_TASK INSTRUCTIONS_
In the records that follow, the lines from the one containing "MA license plate 7RI945" to the one containing "Lampe de lecture", inclusive, are to be given again exactly.

^^^^^^^^^^^^^^^^

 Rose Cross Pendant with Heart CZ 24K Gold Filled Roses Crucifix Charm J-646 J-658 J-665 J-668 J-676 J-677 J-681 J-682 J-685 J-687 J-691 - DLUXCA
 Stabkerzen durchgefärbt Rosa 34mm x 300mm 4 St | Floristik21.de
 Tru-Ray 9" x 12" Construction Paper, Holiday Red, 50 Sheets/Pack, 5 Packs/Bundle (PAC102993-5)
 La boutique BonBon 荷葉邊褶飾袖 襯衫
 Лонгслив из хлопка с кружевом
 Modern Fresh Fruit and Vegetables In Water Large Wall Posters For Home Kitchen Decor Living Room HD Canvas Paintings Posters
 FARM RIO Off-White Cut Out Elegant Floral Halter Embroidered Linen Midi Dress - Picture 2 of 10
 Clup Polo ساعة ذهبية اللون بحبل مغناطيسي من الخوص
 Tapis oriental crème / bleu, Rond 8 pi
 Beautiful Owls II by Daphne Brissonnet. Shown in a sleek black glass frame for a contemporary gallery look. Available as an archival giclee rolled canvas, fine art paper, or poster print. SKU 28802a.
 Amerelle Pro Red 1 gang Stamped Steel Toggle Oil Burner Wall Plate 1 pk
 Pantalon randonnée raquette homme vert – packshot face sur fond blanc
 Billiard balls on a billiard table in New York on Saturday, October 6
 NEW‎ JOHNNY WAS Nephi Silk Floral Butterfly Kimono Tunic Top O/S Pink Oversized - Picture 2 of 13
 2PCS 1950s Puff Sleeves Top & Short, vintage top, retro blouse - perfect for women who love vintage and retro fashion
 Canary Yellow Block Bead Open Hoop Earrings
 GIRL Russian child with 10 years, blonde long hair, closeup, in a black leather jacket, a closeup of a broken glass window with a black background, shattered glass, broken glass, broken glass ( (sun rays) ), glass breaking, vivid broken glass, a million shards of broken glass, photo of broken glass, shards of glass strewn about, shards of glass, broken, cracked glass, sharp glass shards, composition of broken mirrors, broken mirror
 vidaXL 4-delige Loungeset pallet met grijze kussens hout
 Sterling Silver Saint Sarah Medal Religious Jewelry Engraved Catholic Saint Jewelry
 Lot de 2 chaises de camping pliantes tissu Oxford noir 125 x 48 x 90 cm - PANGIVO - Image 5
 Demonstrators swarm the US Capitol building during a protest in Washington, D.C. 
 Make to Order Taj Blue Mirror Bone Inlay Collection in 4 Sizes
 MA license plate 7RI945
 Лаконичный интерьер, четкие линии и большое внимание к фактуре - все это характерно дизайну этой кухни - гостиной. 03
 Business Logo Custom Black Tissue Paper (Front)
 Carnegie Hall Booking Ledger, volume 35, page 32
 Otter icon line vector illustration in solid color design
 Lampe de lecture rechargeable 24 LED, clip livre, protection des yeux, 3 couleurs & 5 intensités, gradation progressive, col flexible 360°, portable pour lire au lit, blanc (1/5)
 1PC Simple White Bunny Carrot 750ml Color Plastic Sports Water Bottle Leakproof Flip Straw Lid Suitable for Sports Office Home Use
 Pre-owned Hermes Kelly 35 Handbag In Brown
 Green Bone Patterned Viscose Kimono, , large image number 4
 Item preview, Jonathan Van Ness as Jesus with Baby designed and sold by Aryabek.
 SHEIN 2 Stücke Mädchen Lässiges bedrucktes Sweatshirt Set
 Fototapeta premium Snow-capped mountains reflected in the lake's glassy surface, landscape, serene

^^^^^^^^^^^^^^^^

_OUTPUT_
 MA license plate 7RI945
 Лаконичный интерьер, четкие линии и большое внимание к фактуре - все это характерно дизайну этой кухни - гостиной. 03
 Business Logo Custom Black Tissue Paper (Front)
 Carnegie Hall Booking Ledger, volume 35, page 32
 Otter icon line vector illustration in solid color design
 Lampe de lecture rechargeable 24 LED, clip livre, protection des yeux, 3 couleurs & 5 intensités, gradation progressive, col flexible 360°, portable pour lire au lit, blanc (1/5)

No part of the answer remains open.